§ Work instructions: Search the records below for "Silk" and copy every line it turns up in.

--*--

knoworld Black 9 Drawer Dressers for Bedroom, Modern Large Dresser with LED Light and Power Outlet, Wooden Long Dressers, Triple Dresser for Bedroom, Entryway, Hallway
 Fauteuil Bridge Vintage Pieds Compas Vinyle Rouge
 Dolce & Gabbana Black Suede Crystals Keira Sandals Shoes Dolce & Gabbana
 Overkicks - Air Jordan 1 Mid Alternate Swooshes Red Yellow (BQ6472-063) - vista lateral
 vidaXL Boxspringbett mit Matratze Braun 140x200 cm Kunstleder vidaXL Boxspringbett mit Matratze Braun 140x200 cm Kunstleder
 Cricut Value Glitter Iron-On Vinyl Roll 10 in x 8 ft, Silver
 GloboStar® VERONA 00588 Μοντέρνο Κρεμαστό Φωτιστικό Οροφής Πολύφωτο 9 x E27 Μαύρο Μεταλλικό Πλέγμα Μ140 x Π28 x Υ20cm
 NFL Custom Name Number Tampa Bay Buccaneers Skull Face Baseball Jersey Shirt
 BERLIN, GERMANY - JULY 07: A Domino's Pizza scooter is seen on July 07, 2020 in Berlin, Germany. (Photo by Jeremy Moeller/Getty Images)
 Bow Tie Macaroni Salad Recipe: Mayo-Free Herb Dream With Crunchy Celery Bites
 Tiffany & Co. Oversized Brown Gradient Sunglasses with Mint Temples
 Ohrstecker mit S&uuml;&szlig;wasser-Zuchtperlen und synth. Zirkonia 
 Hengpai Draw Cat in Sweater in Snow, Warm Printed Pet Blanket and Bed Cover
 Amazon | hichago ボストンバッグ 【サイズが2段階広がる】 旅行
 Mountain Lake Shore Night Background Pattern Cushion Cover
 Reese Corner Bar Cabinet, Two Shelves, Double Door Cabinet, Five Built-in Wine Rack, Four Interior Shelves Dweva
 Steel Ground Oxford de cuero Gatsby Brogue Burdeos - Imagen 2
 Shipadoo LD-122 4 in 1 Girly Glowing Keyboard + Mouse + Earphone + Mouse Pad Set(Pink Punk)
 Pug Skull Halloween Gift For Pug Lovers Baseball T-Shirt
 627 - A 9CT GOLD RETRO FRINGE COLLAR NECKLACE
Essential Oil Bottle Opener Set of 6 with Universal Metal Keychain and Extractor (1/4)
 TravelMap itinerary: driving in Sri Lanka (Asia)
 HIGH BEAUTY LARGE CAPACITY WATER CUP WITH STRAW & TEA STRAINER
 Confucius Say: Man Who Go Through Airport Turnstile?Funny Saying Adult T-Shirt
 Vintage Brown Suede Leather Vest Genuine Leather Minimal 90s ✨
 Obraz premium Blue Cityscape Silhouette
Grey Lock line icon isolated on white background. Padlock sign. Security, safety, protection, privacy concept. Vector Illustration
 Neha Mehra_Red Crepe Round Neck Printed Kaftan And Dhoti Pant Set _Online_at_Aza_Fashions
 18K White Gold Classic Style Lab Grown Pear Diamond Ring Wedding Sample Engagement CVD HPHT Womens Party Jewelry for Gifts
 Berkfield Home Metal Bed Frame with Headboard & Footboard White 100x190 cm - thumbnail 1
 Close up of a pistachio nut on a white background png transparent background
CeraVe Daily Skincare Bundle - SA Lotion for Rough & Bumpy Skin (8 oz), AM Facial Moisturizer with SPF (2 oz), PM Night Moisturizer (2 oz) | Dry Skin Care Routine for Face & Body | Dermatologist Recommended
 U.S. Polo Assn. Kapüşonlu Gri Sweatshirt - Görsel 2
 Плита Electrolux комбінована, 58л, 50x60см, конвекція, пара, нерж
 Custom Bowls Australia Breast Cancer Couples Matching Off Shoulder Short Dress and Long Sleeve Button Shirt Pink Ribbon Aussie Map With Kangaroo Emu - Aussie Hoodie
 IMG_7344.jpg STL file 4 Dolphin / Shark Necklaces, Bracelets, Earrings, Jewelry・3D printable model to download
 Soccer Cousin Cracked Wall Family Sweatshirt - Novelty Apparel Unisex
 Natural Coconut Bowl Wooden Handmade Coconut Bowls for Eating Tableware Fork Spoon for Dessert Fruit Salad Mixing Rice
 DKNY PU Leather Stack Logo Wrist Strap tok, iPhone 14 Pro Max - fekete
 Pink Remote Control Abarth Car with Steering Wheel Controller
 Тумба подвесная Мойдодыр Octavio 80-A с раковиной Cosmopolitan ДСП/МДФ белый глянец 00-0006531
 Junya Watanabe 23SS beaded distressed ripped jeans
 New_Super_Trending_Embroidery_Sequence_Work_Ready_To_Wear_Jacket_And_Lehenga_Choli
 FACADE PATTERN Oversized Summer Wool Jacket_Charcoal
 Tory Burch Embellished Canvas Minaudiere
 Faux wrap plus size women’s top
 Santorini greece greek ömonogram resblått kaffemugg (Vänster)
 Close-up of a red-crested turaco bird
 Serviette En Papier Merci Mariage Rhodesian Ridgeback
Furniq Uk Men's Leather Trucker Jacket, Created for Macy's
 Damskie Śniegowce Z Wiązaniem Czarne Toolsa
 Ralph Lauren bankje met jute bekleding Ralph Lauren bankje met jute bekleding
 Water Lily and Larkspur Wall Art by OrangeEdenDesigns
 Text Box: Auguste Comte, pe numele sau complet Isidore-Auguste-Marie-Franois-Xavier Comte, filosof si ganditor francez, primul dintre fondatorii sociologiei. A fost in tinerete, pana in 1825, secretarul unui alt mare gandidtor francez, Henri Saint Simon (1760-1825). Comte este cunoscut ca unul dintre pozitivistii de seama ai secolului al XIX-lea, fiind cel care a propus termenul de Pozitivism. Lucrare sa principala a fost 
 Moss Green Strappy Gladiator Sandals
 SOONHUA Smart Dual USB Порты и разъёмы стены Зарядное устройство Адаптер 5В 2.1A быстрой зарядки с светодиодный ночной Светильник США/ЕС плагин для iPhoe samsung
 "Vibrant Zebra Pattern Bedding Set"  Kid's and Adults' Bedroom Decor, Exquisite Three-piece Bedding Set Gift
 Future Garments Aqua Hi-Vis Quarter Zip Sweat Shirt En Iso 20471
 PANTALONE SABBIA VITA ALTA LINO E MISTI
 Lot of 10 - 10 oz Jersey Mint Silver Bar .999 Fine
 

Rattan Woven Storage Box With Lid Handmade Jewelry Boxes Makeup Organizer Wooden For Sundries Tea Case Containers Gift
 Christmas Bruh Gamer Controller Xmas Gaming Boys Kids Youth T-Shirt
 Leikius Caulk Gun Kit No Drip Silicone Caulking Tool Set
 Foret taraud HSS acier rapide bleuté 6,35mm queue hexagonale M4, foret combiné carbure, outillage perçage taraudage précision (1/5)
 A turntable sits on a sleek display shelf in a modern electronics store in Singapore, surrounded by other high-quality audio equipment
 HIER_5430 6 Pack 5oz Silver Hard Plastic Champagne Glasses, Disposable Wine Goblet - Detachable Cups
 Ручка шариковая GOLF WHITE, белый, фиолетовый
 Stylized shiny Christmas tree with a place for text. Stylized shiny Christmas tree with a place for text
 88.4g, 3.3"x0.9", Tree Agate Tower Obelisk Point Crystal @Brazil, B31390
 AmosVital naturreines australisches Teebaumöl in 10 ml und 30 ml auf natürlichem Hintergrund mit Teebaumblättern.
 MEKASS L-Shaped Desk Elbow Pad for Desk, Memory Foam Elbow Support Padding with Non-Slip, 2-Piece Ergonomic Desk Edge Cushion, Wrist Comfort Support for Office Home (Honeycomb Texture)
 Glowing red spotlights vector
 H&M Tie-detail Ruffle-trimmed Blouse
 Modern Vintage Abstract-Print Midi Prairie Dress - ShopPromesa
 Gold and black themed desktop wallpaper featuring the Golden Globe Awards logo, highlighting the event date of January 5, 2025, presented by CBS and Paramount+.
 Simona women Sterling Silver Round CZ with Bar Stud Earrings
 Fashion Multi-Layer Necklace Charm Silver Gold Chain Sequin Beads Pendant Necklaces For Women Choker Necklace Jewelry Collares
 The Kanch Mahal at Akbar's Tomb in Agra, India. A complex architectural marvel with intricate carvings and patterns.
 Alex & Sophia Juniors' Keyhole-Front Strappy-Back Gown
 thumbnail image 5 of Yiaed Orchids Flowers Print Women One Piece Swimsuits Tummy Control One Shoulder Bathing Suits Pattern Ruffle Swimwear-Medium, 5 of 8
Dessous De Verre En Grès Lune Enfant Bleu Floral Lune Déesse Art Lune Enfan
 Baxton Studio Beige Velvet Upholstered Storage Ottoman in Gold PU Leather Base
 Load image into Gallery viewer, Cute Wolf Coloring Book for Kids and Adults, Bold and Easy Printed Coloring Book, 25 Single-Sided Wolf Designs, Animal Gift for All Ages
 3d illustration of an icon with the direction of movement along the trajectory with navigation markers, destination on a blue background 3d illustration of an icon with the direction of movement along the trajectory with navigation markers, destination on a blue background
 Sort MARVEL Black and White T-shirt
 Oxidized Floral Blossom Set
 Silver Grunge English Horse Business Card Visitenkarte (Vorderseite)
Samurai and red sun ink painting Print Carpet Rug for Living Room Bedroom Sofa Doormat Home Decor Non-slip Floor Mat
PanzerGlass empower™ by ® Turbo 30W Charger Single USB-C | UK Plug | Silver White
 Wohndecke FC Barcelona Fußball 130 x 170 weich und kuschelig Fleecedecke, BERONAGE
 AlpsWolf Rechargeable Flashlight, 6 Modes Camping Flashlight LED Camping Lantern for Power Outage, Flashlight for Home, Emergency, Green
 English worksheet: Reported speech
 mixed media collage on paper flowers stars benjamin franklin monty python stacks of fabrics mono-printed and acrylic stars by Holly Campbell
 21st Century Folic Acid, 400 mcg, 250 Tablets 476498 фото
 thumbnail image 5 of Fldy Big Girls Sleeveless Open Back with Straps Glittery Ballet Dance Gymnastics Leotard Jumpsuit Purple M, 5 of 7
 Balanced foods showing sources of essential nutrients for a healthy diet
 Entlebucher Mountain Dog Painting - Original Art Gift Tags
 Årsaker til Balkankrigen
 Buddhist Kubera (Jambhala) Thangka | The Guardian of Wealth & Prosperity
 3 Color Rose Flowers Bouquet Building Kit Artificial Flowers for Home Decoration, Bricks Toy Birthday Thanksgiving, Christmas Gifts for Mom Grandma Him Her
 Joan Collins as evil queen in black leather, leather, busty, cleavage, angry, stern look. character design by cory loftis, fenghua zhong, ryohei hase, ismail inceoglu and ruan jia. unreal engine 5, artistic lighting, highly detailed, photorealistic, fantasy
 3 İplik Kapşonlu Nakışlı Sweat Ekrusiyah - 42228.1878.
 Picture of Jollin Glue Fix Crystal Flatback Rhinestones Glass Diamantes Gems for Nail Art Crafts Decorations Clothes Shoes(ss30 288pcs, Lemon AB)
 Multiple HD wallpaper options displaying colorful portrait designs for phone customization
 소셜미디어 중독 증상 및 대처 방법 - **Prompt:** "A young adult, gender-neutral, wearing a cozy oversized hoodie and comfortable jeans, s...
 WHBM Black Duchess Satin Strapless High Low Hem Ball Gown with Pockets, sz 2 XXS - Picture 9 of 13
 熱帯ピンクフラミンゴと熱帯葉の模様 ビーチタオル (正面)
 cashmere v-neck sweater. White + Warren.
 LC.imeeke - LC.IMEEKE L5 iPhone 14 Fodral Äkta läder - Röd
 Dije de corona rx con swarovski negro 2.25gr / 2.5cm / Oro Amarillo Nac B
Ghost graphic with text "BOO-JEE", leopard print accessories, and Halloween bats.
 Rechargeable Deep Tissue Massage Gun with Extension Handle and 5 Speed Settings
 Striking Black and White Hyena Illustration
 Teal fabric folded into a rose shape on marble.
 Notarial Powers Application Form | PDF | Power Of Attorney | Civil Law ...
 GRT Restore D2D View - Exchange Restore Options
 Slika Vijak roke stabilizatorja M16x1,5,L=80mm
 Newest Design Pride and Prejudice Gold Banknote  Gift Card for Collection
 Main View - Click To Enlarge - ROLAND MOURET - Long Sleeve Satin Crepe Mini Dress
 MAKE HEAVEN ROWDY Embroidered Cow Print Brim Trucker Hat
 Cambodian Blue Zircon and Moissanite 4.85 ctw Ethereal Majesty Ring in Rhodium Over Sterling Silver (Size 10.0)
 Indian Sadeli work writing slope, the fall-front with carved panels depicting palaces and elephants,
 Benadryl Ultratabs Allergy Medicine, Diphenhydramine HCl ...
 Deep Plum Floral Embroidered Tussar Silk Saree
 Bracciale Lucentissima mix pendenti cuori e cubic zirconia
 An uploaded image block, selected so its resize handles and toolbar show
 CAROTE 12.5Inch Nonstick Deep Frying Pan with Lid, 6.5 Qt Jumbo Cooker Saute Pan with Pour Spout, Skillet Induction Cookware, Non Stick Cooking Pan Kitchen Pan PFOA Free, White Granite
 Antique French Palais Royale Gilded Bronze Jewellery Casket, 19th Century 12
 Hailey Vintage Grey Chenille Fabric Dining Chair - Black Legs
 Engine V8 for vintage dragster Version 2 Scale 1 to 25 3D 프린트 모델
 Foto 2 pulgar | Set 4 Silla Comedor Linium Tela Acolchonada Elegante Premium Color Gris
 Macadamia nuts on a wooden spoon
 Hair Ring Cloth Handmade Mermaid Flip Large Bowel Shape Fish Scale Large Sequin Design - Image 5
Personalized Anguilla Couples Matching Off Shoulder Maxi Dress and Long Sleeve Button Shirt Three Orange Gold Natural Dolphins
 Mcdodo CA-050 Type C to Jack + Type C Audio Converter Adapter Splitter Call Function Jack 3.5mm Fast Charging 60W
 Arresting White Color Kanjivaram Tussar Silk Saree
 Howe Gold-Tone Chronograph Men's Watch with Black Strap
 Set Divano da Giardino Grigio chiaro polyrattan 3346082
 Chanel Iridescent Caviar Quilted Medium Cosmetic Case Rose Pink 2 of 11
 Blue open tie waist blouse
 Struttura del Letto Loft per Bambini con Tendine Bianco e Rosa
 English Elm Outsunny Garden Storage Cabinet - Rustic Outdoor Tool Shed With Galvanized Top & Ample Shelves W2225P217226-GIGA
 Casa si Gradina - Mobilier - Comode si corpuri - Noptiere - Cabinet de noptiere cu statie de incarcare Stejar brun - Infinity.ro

--*--

§ Output:
 Deep Plum Floral Embroidered Tussar Silk Saree
 Arresting White Color Kanjivaram Tussar Silk Saree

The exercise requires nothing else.